Record set
********

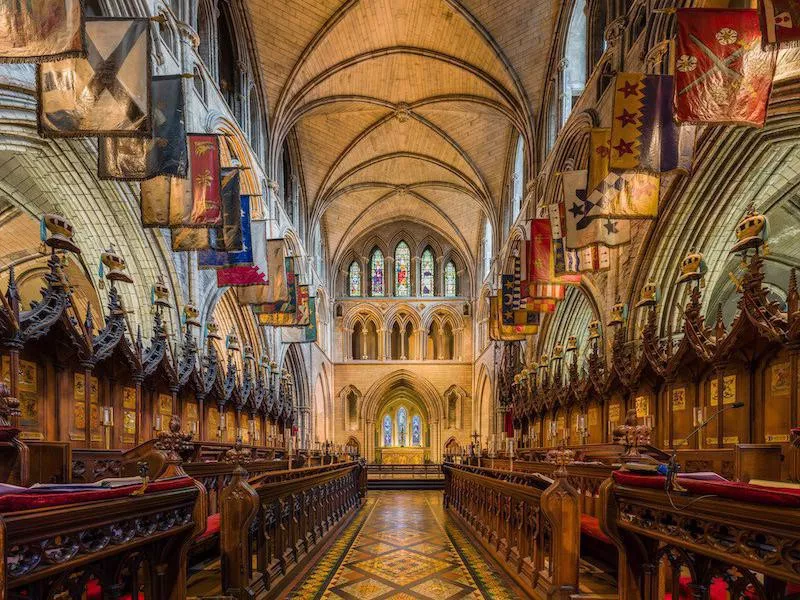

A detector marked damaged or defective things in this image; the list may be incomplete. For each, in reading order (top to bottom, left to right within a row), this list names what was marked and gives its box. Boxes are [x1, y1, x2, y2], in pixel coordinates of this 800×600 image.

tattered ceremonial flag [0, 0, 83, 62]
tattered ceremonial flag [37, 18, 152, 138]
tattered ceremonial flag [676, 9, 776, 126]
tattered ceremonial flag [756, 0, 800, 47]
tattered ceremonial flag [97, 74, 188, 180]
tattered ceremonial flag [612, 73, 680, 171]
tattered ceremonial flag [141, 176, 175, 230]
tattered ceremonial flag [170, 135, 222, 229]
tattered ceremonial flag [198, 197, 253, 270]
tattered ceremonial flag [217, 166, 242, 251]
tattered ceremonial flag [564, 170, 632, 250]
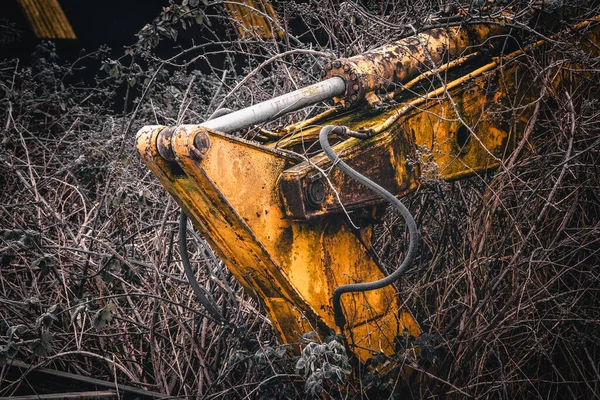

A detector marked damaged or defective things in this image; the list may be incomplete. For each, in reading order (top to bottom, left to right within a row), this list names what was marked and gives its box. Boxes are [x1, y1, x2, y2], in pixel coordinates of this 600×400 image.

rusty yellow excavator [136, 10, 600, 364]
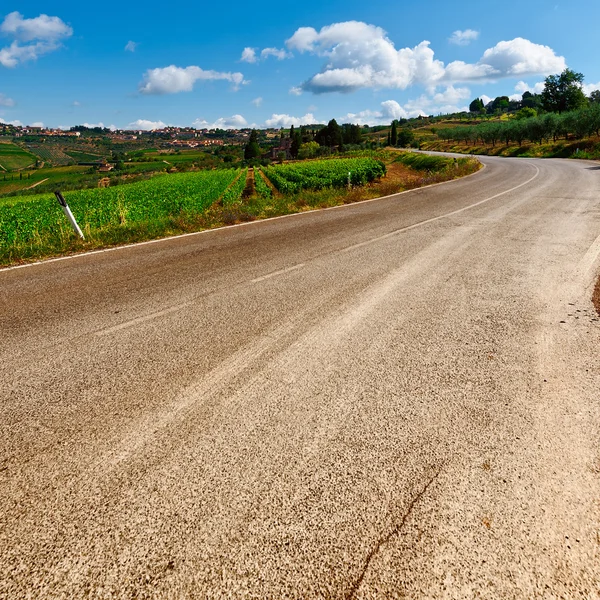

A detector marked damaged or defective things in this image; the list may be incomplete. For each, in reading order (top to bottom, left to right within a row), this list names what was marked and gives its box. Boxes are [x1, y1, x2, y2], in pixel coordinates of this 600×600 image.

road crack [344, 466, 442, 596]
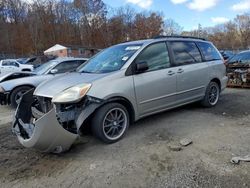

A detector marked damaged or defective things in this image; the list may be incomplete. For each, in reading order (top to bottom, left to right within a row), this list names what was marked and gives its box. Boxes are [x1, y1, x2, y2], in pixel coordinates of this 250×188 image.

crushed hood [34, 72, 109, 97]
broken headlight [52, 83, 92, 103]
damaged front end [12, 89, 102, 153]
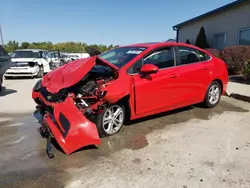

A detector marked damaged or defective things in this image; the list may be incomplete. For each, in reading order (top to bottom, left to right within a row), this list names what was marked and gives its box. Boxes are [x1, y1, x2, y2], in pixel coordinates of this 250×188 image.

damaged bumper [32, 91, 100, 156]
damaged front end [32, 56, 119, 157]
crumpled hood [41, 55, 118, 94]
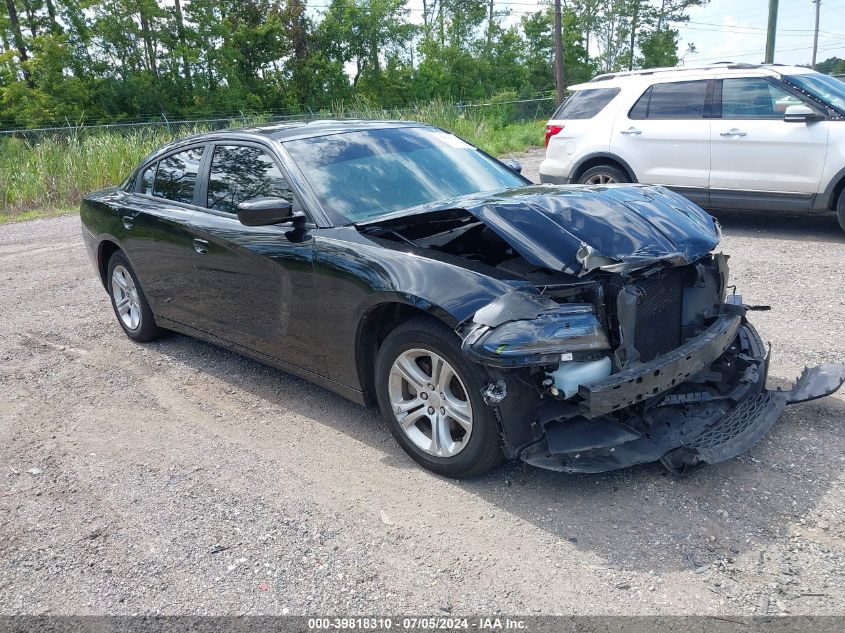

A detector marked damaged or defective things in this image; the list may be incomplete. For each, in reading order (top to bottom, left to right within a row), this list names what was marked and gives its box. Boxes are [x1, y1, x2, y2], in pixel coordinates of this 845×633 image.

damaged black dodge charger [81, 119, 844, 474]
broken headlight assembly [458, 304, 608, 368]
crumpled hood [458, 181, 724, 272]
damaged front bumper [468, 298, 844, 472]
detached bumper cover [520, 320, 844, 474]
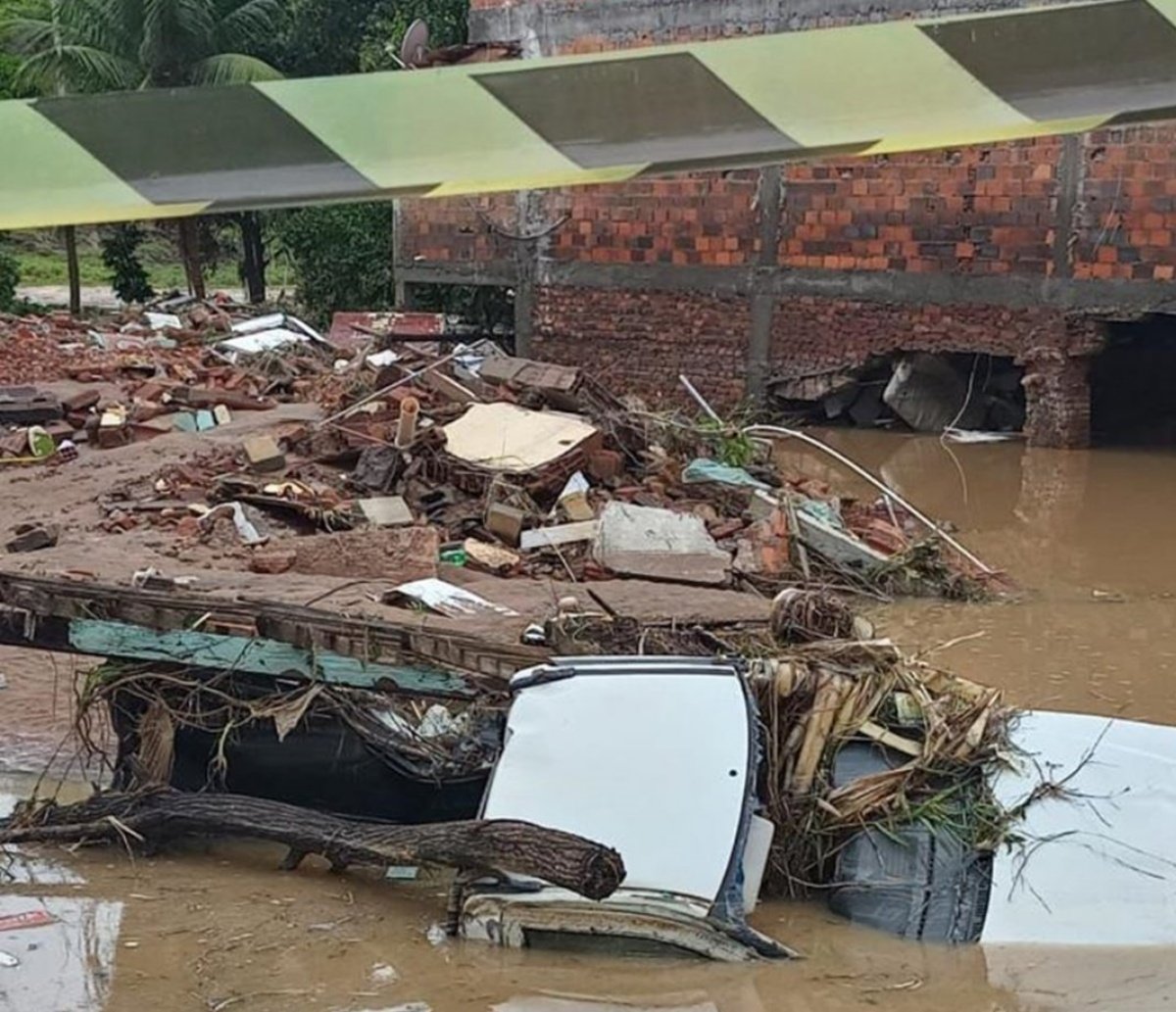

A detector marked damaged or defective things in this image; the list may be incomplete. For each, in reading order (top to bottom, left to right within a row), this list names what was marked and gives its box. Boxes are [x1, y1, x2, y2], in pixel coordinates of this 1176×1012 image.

********

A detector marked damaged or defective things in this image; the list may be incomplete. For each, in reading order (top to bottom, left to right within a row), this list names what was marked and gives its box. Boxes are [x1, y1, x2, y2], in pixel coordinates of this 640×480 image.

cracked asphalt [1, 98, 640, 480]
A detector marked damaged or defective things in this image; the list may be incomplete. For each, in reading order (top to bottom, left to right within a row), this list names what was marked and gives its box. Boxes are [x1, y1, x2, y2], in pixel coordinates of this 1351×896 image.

********

Each line above starting at the one holding "this 845×633 image." and ending at the one holding "this 1176×1012 image." should be set down exactly as it stands, both ends included, with no pictures.

Your solution
A detector marked damaged or defective things in this image; the list may be incomplete. For each, in reading order (top to bottom, left to right within a row), this list names what was marked and gives its box. Boxes are [x1, y1, x2, y2], in pixel coordinates of this 845×633 image.

damaged black dodge charger [81, 119, 844, 474]
broken headlight assembly [458, 304, 608, 368]
crumpled hood [458, 181, 724, 272]
damaged front bumper [468, 298, 844, 472]
detached bumper cover [520, 320, 844, 474]

A detector marked damaged or defective things in this image; the list may be incomplete. For each, in reading order (top to bottom, left to right within a row), this list names what was marked and gives its box. Boxes are [x1, y1, x2, y2], in pixel coordinates of this 1176×1012 image.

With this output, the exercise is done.